[Excerpts from a dataset]
+++++
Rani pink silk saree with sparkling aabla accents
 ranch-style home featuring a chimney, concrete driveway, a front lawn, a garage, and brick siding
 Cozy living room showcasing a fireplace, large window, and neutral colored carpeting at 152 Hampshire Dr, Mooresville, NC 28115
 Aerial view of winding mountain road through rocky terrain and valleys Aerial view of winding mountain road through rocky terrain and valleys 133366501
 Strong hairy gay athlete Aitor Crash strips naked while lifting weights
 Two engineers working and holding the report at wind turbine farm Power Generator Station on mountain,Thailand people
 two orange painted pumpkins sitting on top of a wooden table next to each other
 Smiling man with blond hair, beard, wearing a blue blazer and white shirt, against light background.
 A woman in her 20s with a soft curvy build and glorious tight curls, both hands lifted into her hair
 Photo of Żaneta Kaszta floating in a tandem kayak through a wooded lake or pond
+++++
The count of lines above that include the string "with" is the sole expected answer.

**TASK RESPONSE**
3